Extracted records:
%%

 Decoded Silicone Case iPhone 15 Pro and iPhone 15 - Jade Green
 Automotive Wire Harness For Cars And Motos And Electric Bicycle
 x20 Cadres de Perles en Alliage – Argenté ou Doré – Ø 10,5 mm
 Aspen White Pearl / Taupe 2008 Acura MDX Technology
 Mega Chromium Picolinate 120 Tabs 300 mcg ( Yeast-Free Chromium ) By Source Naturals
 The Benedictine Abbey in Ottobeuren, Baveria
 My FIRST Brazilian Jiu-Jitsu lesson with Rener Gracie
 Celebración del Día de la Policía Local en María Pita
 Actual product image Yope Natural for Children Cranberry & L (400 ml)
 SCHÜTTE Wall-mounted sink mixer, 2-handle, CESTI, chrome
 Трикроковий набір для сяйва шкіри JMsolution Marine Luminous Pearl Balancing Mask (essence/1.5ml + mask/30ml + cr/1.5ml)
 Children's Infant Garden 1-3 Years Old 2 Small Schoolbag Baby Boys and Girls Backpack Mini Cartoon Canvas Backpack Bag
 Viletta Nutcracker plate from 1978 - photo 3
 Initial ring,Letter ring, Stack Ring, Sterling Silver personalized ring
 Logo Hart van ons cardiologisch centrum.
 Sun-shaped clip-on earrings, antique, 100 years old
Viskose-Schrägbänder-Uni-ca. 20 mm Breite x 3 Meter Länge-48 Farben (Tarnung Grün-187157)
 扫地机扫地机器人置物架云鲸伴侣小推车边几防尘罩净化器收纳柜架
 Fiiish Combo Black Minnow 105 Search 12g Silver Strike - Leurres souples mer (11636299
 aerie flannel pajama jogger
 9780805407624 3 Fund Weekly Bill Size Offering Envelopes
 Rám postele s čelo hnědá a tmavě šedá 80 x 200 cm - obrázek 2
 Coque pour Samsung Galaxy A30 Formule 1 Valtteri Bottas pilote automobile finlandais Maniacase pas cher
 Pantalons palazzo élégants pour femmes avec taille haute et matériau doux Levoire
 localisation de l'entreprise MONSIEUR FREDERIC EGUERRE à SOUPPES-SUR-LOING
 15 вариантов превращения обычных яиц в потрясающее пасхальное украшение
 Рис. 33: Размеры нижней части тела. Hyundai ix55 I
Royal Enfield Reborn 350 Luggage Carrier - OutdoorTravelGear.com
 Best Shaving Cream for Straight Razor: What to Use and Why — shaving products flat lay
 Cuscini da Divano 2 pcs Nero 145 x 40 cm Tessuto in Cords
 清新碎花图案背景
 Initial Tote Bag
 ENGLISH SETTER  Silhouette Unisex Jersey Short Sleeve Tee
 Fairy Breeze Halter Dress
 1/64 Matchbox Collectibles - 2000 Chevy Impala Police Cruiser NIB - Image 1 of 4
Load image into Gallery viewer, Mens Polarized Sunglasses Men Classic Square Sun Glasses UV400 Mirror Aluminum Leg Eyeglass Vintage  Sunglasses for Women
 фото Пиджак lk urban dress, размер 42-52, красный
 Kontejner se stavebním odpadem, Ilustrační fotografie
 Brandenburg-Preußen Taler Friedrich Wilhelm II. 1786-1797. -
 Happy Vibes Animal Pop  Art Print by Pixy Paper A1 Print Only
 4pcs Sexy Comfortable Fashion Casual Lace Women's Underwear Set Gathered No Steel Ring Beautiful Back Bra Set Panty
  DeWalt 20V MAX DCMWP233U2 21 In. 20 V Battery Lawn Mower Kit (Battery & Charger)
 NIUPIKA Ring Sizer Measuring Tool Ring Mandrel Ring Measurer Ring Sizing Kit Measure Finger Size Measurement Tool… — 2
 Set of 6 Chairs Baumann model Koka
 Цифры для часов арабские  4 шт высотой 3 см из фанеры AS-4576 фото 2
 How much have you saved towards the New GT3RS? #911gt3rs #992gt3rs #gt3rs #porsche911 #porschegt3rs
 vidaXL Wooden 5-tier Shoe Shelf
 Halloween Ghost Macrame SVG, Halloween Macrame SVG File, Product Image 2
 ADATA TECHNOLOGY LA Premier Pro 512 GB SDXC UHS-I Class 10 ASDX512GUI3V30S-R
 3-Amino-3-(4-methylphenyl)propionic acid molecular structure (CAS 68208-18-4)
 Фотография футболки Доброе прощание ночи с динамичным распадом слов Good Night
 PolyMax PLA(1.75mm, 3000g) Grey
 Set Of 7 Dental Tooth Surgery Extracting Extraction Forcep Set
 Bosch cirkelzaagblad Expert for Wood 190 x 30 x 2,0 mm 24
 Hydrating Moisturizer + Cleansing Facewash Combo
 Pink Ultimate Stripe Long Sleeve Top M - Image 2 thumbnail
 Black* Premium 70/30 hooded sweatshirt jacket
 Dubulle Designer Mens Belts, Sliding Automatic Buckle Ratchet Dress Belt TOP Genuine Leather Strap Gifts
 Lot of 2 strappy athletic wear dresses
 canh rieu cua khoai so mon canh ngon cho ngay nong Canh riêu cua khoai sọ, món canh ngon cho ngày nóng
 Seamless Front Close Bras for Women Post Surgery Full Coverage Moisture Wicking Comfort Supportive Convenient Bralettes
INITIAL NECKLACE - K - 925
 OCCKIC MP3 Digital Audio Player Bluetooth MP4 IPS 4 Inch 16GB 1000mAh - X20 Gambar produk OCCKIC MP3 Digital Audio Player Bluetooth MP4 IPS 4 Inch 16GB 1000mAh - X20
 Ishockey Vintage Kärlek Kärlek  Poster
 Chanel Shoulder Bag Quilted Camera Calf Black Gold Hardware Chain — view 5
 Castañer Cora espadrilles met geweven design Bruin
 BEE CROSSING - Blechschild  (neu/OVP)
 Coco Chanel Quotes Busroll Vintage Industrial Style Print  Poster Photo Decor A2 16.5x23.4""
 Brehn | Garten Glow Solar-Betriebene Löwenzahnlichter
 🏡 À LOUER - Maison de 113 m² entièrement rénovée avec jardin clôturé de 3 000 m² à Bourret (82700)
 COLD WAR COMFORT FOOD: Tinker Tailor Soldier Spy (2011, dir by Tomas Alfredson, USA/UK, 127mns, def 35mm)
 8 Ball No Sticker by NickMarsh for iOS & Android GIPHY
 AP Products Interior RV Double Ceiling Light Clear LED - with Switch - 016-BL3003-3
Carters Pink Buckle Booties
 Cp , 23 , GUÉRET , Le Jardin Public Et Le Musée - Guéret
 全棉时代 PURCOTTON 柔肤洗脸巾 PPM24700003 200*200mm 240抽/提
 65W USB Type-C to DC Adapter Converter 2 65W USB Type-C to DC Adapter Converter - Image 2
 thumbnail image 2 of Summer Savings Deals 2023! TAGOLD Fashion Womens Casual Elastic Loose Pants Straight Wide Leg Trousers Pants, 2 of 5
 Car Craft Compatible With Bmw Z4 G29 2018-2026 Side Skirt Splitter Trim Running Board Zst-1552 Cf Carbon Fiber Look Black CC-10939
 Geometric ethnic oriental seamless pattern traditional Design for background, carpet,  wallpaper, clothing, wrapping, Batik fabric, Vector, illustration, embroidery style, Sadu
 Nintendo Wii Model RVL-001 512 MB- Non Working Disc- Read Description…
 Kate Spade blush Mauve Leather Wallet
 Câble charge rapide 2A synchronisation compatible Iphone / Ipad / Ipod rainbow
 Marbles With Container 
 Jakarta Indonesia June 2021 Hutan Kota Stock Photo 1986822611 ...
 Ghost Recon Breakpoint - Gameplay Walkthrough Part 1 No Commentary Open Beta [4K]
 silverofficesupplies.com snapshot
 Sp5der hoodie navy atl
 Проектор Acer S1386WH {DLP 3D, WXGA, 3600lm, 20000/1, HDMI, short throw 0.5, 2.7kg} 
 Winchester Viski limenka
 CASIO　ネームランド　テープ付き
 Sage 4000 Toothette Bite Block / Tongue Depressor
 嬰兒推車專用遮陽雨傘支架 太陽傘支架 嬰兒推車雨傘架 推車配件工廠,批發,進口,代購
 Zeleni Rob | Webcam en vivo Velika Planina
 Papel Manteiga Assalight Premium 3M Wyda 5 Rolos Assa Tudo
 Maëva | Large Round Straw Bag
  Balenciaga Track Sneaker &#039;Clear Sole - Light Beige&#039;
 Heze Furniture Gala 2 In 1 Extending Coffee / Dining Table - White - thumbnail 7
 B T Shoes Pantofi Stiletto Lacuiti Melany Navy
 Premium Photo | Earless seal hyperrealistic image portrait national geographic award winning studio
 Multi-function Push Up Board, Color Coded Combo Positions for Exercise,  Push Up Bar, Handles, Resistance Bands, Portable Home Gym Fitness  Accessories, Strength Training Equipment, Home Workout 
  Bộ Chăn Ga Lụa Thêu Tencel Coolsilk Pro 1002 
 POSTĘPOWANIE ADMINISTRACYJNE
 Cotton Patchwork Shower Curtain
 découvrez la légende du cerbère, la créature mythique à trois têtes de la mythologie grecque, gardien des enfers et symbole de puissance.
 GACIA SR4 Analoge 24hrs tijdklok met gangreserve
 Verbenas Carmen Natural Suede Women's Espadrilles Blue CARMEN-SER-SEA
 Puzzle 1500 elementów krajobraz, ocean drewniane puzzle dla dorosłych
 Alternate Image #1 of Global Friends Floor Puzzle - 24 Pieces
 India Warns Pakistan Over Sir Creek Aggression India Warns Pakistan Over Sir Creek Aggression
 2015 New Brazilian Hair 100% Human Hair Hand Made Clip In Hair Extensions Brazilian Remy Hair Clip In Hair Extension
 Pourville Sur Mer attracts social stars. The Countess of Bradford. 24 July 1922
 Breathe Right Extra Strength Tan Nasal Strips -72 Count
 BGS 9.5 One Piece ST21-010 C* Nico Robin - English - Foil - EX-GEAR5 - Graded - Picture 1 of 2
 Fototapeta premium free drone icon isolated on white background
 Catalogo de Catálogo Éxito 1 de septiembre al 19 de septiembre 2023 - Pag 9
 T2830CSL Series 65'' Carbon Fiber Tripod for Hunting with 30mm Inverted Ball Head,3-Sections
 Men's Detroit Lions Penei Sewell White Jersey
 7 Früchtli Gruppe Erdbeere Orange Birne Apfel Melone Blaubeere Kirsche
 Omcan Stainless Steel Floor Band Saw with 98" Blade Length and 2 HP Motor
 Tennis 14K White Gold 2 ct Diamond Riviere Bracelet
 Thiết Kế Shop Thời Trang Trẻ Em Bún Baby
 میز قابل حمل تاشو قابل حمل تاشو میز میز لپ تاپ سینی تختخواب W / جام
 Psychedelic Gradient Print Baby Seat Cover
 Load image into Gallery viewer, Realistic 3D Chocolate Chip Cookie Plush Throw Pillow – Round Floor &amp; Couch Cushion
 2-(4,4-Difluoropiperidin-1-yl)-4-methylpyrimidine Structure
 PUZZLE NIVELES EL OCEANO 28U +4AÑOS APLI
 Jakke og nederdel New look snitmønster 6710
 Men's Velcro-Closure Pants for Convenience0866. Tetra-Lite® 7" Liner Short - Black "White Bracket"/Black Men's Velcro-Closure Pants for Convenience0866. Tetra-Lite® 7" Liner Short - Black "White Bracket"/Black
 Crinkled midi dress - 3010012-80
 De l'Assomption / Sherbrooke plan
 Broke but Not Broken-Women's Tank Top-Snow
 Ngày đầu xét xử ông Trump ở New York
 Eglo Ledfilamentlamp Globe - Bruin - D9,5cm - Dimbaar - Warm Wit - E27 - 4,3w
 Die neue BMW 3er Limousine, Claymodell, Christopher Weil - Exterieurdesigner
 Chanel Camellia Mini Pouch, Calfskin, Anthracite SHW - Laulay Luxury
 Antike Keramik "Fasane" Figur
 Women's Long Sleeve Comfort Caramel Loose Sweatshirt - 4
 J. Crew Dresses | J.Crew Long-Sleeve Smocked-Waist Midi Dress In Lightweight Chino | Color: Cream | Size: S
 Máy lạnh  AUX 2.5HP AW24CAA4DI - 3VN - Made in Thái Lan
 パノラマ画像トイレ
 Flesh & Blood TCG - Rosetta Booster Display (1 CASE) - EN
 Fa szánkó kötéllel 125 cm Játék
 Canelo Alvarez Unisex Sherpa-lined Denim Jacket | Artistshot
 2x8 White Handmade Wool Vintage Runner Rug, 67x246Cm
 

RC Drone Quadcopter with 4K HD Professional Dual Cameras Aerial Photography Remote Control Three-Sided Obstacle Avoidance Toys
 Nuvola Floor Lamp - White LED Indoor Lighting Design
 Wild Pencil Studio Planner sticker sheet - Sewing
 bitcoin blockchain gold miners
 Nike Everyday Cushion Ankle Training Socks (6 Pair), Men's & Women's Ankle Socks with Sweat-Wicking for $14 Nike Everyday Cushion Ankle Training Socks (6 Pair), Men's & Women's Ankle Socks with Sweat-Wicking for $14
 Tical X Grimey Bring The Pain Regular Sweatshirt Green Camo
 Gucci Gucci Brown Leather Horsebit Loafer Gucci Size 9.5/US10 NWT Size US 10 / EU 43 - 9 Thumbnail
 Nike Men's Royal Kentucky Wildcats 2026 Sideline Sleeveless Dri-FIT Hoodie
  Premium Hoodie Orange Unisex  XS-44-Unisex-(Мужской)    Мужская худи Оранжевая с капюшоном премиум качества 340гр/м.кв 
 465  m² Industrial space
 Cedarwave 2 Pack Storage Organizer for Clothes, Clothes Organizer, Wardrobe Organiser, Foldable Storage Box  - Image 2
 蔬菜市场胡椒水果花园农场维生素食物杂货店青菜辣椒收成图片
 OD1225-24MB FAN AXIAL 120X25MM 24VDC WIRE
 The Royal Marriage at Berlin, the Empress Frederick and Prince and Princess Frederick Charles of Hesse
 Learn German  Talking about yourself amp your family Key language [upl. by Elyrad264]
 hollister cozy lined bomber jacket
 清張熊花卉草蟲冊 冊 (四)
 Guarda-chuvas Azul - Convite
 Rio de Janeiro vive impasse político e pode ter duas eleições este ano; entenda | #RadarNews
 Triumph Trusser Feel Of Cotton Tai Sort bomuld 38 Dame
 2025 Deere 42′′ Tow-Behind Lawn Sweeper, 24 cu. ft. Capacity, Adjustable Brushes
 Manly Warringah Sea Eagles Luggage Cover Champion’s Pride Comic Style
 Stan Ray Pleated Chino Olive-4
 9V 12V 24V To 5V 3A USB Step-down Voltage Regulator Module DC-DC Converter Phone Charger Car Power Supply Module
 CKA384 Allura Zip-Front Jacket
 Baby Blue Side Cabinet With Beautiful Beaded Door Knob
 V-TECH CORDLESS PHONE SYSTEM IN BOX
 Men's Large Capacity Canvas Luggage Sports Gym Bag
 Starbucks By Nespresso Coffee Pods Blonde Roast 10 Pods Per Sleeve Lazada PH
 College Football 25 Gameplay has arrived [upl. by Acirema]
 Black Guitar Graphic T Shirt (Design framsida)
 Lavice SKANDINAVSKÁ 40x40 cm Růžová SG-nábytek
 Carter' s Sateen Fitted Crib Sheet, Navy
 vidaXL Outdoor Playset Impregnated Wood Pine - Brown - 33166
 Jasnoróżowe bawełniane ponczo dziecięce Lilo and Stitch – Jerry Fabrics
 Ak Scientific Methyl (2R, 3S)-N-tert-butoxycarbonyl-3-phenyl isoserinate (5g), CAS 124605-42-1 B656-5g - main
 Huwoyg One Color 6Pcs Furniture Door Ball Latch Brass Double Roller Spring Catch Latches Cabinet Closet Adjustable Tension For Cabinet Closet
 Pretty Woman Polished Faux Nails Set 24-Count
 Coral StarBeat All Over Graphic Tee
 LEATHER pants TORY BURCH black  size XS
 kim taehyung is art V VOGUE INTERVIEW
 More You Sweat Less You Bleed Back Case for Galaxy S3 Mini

%%

In the entries above, find each line with "vidaXL" and list it.

SOLVED PROBLEM:
 vidaXL Wooden 5-tier Shoe Shelf
 vidaXL Outdoor Playset Impregnated Wood Pine - Brown - 33166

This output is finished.